(Extracted data entries)
---

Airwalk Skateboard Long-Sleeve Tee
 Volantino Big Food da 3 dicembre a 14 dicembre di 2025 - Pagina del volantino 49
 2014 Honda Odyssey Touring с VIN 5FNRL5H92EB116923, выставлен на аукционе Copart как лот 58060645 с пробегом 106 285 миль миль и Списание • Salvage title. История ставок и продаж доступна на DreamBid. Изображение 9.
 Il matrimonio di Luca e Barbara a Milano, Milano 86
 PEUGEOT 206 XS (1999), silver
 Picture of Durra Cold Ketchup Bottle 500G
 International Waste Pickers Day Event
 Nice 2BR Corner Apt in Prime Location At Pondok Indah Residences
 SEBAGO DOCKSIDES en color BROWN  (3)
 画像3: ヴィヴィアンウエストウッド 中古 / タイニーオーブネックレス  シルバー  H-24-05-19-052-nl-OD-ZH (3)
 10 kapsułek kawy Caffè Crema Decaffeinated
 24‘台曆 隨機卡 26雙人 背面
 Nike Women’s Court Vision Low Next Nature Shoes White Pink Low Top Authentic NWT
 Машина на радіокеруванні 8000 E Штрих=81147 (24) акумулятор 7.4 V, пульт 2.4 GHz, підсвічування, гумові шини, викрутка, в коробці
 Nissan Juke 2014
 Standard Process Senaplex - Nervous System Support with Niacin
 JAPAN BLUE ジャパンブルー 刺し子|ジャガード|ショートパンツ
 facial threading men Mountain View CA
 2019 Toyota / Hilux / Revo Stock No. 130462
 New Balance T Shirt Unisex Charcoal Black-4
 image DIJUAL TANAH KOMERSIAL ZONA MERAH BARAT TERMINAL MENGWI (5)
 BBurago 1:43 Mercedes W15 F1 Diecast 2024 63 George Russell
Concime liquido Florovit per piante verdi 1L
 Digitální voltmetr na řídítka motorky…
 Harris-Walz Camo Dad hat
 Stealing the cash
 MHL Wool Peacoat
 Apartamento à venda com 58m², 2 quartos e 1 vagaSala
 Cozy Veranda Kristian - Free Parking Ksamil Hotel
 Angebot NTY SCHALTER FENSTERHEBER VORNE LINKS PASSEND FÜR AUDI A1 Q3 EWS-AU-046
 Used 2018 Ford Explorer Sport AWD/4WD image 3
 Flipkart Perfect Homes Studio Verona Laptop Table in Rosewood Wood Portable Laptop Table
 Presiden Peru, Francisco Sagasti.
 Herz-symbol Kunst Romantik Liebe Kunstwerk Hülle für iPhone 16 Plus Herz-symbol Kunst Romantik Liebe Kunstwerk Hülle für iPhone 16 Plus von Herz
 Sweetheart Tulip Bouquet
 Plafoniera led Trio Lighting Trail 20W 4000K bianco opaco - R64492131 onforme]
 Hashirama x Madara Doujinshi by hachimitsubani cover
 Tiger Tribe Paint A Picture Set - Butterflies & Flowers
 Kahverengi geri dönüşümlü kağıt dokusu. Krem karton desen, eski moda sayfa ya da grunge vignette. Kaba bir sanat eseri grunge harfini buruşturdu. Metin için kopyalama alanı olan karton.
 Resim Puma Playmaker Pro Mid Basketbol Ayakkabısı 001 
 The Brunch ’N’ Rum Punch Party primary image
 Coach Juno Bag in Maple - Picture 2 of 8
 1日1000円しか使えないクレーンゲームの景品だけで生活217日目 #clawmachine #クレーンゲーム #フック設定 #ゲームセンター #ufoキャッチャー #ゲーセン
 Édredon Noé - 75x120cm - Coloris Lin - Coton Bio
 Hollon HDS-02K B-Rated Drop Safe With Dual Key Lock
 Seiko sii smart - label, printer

---

◆ Brief: Write out every entry again, keeping each line exactly the same.

◆ Output:
Airwalk Skateboard Long-Sleeve Tee
 Volantino Big Food da 3 dicembre a 14 dicembre di 2025 - Pagina del volantino 49
 2014 Honda Odyssey Touring с VIN 5FNRL5H92EB116923, выставлен на аукционе Copart как лот 58060645 с пробегом 106 285 миль миль и Списание • Salvage title. История ставок и продаж доступна на DreamBid. Изображение 9.
 Il matrimonio di Luca e Barbara a Milano, Milano 86
 PEUGEOT 206 XS (1999), silver
 Picture of Durra Cold Ketchup Bottle 500G
 International Waste Pickers Day Event
 Nice 2BR Corner Apt in Prime Location At Pondok Indah Residences
 SEBAGO DOCKSIDES en color BROWN  (3)
 画像3: ヴィヴィアンウエストウッド 中古 / タイニーオーブネックレス  シルバー  H-24-05-19-052-nl-OD-ZH (3)
 10 kapsułek kawy Caffè Crema Decaffeinated
 24‘台曆 隨機卡 26雙人 背面
 Nike Women’s Court Vision Low Next Nature Shoes White Pink Low Top Authentic NWT
 Машина на радіокеруванні 8000 E Штрих=81147 (24) акумулятор 7.4 V, пульт 2.4 GHz, підсвічування, гумові шини, викрутка, в коробці
 Nissan Juke 2014
 Standard Process Senaplex - Nervous System Support with Niacin
 JAPAN BLUE ジャパンブルー 刺し子|ジャガード|ショートパンツ
 facial threading men Mountain View CA
 2019 Toyota / Hilux / Revo Stock No. 130462
 New Balance T Shirt Unisex Charcoal Black-4
 image DIJUAL TANAH KOMERSIAL ZONA MERAH BARAT TERMINAL MENGWI (5)
 BBurago 1:43 Mercedes W15 F1 Diecast 2024 63 George Russell
Concime liquido Florovit per piante verdi 1L
 Digitální voltmetr na řídítka motorky…
 Harris-Walz Camo Dad hat
 Stealing the cash
 MHL Wool Peacoat
 Apartamento à venda com 58m², 2 quartos e 1 vagaSala
 Cozy Veranda Kristian - Free Parking Ksamil Hotel
 Angebot NTY SCHALTER FENSTERHEBER VORNE LINKS PASSEND FÜR AUDI A1 Q3 EWS-AU-046
 Used 2018 Ford Explorer Sport AWD/4WD image 3
 Flipkart Perfect Homes Studio Verona Laptop Table in Rosewood Wood Portable Laptop Table
 Presiden Peru, Francisco Sagasti.
 Herz-symbol Kunst Romantik Liebe Kunstwerk Hülle für iPhone 16 Plus Herz-symbol Kunst Romantik Liebe Kunstwerk Hülle für iPhone 16 Plus von Herz
 Sweetheart Tulip Bouquet
 Plafoniera led Trio Lighting Trail 20W 4000K bianco opaco - R64492131 onforme]
 Hashirama x Madara Doujinshi by hachimitsubani cover
 Tiger Tribe Paint A Picture Set - Butterflies & Flowers
 Kahverengi geri dönüşümlü kağıt dokusu. Krem karton desen, eski moda sayfa ya da grunge vignette. Kaba bir sanat eseri grunge harfini buruşturdu. Metin için kopyalama alanı olan karton.
 Resim Puma Playmaker Pro Mid Basketbol Ayakkabısı 001 
 The Brunch ’N’ Rum Punch Party primary image
 Coach Juno Bag in Maple - Picture 2 of 8
 1日1000円しか使えないクレーンゲームの景品だけで生活217日目 #clawmachine #クレーンゲーム #フック設定 #ゲームセンター #ufoキャッチャー #ゲーセン
 Édredon Noé - 75x120cm - Coloris Lin - Coton Bio
 Hollon HDS-02K B-Rated Drop Safe With Dual Key Lock
 Seiko sii smart - label, printer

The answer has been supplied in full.